In the beginning of the Summer we had two minivans, and we parked on the street. I could go on about the auto-thefts or the windows, or the car crashes, but I’ve already done that, (shattered windows)here, (stolen)here, the final word here (crash).
Honorable mention is also a blue van we had for a few weeks before the transmission went out donated to us by God’s Mountain Camp. I was told by a friend that if his wife wrote a story about what’s happened over this summer, it wouldn’t be, believable. I concur it seemed so surreal so much of the time. All of that being said we’ve also seen a lot of devastating spiritual things take place which could easily take the spot light over some stolen vehicles or broken glass.
Our house reminded me as I sat and thanked God for our driveway this morning, of our sanctification. We get torn down by the issues of life, by circumstances, yet God continues the work he started because He is faithful. Not the house or anything about the house but because God is faithful to Himself and His word.
We began this journey to come to the North East of Kansas City, I must confess being a small town anglo white boy from Kansas working out my salvation in fear and trembling in the North East doesn’t seem to always go together. I thought today about how we go along in life and are oblivious to the power of God. He could smash me in an instant, yet he had mercy.

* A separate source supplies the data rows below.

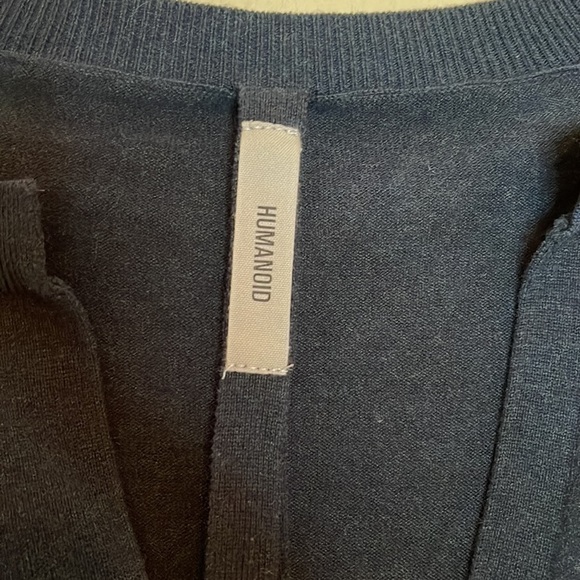 Humanoid Blue Cotton Knit Oversized V Neck Dropped Sleeves Blouse Sz Small - Picture 4 of 6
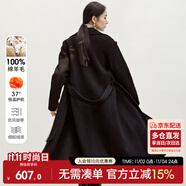 尚都比拉長(zhǎng)款100%羊毛大衣女冬季高級(jí)感收腰雙面毛呢外套 黑色 L 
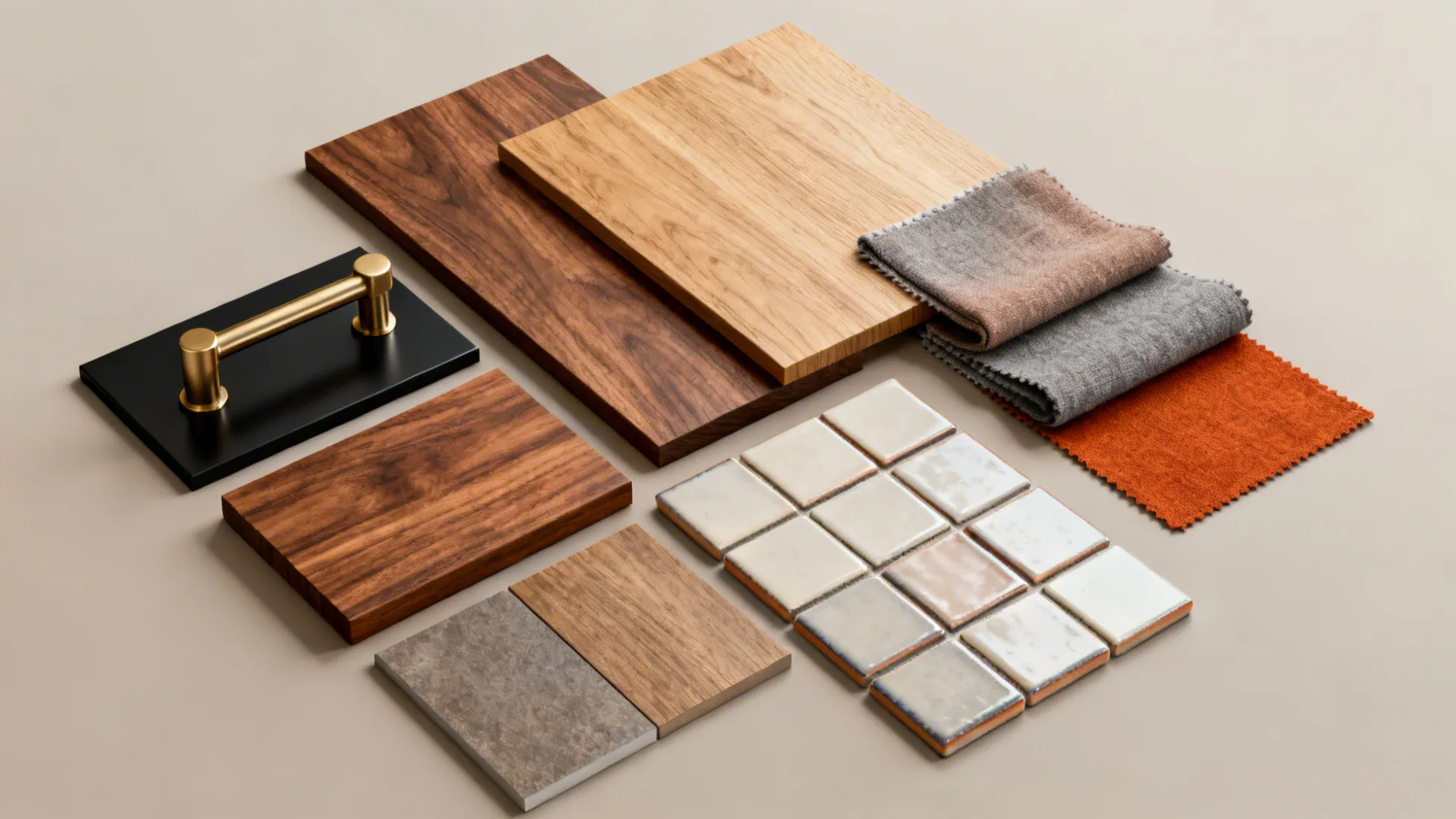 Flatlay of matte black and brass hardware with walnut and oak wood swatches and grey and orange fabrics.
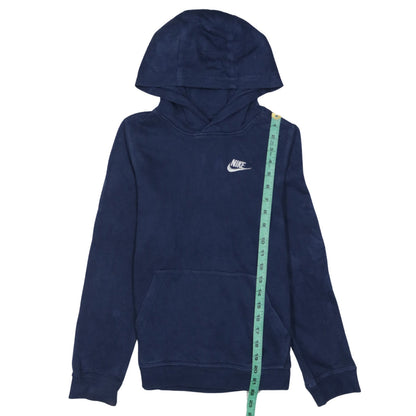 Nike Boys Blue Pullover Hoodie L 147-158cm Cotton Blend Logo Sweatshirt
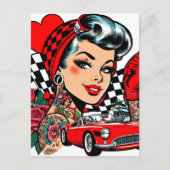 Retro Rockabilly Girl Comic Postkarte (Vorderseite)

I remember a Sermon Tim Juhnke spoke about not too far back about discipline. I recall that there are several different kinds and it isn’t always healthy to try to figure out why you’re being disciplined but to trust that God has the best thing for you and that your discipline is because He loves you. Is it sin? Is it to build my character? Is it to take away an Idol? I pray for the answers yet the only thing I really have to go on is that it is for my good.
In spite of so many trials, even the inability to reach out this summer as I had hoped, God has been faithful to me and my family all summer long. The communication between my wife and I has been extraordinary over the summer because these trials, were great and more frequent, and the busyness of life became less. Oh we are about to get back into busy mode here but I thank God for the trials for the goodness of our marriage. Let me encourage you to read Tim Challie’s blog on some of his Personal Reflections.
So I am so thankful for my wife, and our relationship this summer. We are preparing to celebrate our 10 year anniversary as well and I am truly blessed by my wife, she is truly the love of my life and truly the better half of our marriage.
I am also blessed that we were able to go through these trials with my children. They learning the value of material things, seeing us at our less than sanctified moments of frustration, and our repentance when we sin or fail. God has allowed conversations about things that would not have come otherwise, at least not in this time or season of life.
We have been blessed by friends who have come along side of us, and in spite of my own pride to receive rides to work and my wife to get rides to the store we have had to depend on others for a season. This was beneficial for a couple of reasons, there were benefits in fellowship and spending time with one another in Christ and long term our relationships are stronger because of the time we spent with one another.
People often say that they want something Beyond McChurch yet Christ centered relationships are only developed around Christ and with Time. We so often want them like a Big Mac, now. This is a longer process you may have to buy the cow to get the Big Mac. I have been blessed by these relationships over the summer, those whom allowed me to depend upon them. I pray only that I did not in any way take advantage or presume on their kindness.
I’m thankful for my parents as they gave my wife and I numerous times their van to borrow on the weekends. This was an incredible blessing. God also has allowed me through some of these various trials, and trials I have not mentioned explicitly to make more friends, and to love more and deeper. I have prayed more this summer than I have in a long time, I still pray for reconciliation for so many things and repentance for so many more.
In spite of tragedy God has been faithful, and Good, and though our summer was unrelenting at times God gave us Grace, and is still granting us mercy every day.
I have not mentioned a number of things I am thankful for here, but I know them all in my heart and I am thankful despite of my flesh screaming otherwise at times.
I am thankful for friends family, and most of all the grace and mercy of God the father, though I don’t deserve it has blessed me with these people whom I will never forget.